*Provided records*:
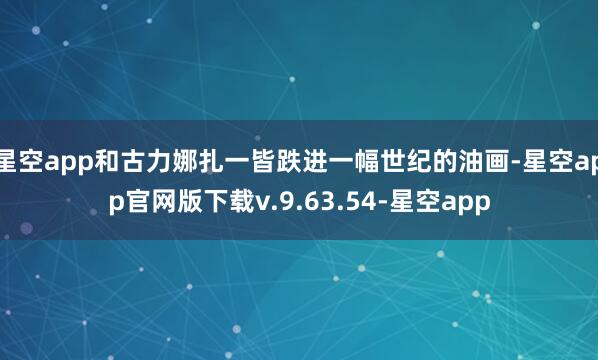 星空app和古力娜扎一皆跌进一幅世纪的油画-星空app官网版下载v.9.63.54-星空app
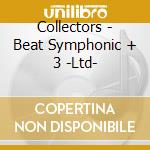 Collectors - Beat Symphonic + 3 -Ltd- cd musicale di Collectors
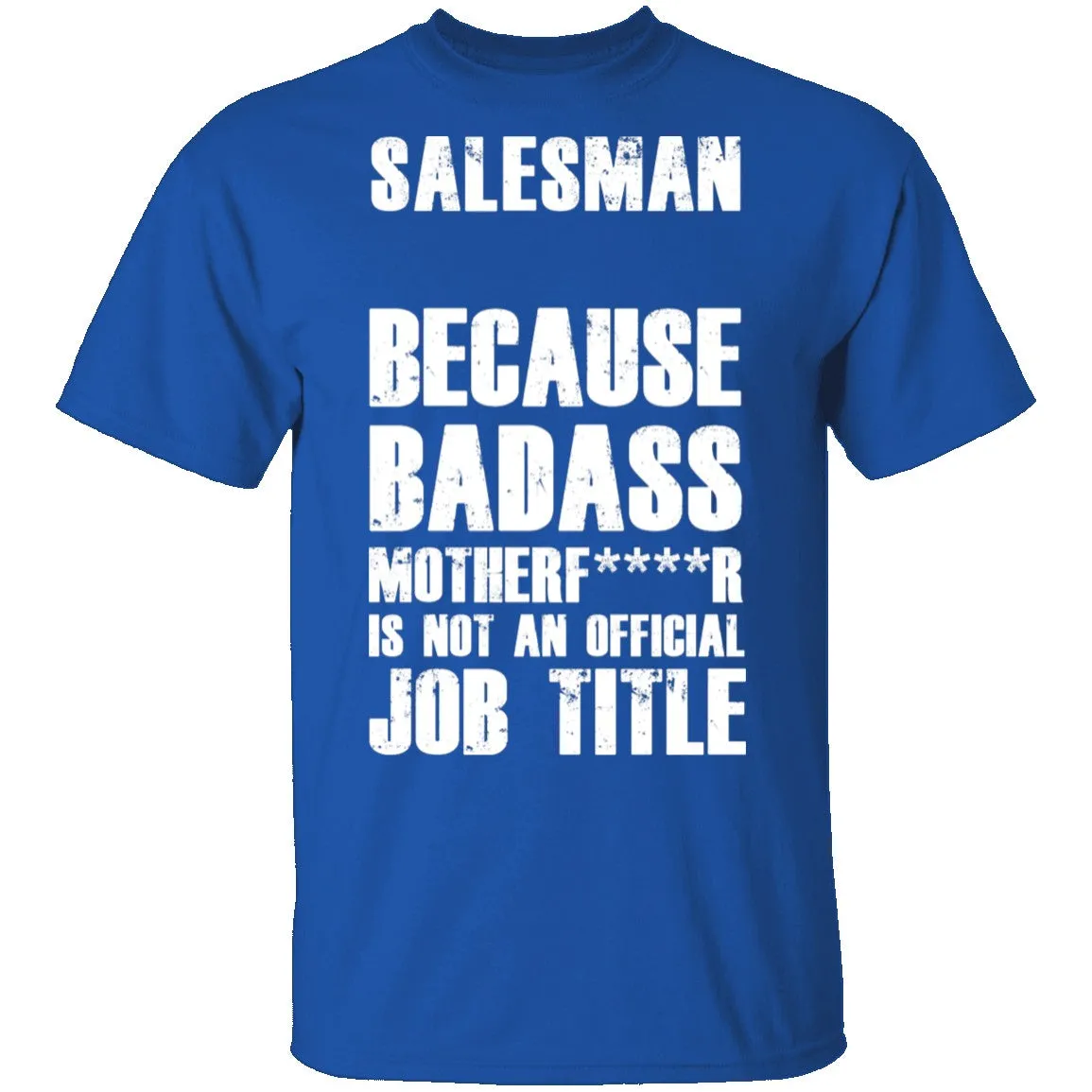 Badass Salesman T-Shirt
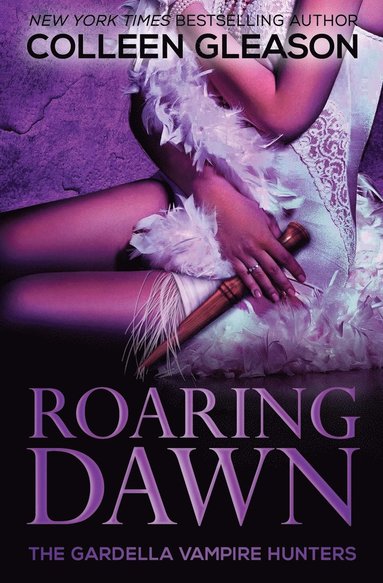 Colleen Gleason - Roaring Dawn, Häftad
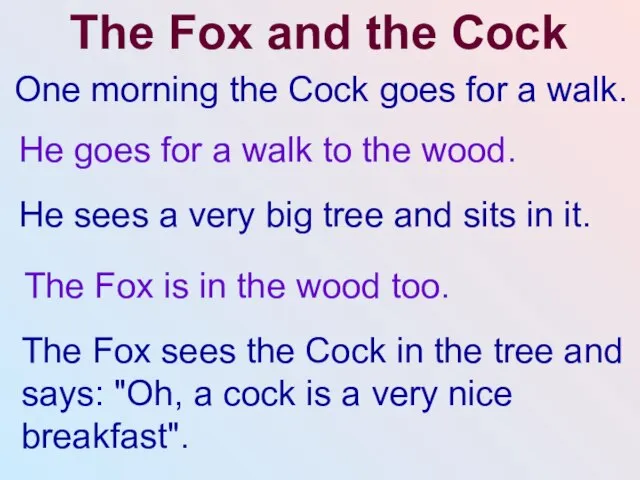 The Fox and the Cock One morning the Cock goes for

*Assignment*: Everything in the entries above should be written out again exactly, except the images.

*Finished exercise*:
 星空app和古力娜扎一皆跌进一幅世纪的油画-星空app官网版下载v.9.63.54-星空app
 Collectors - Beat Symphonic + 3 -Ltd- cd musicale di Collectors
 Badass Salesman T-Shirt
 Colleen Gleason - Roaring Dawn, Häftad
 The Fox and the Cock One morning the Cock goes for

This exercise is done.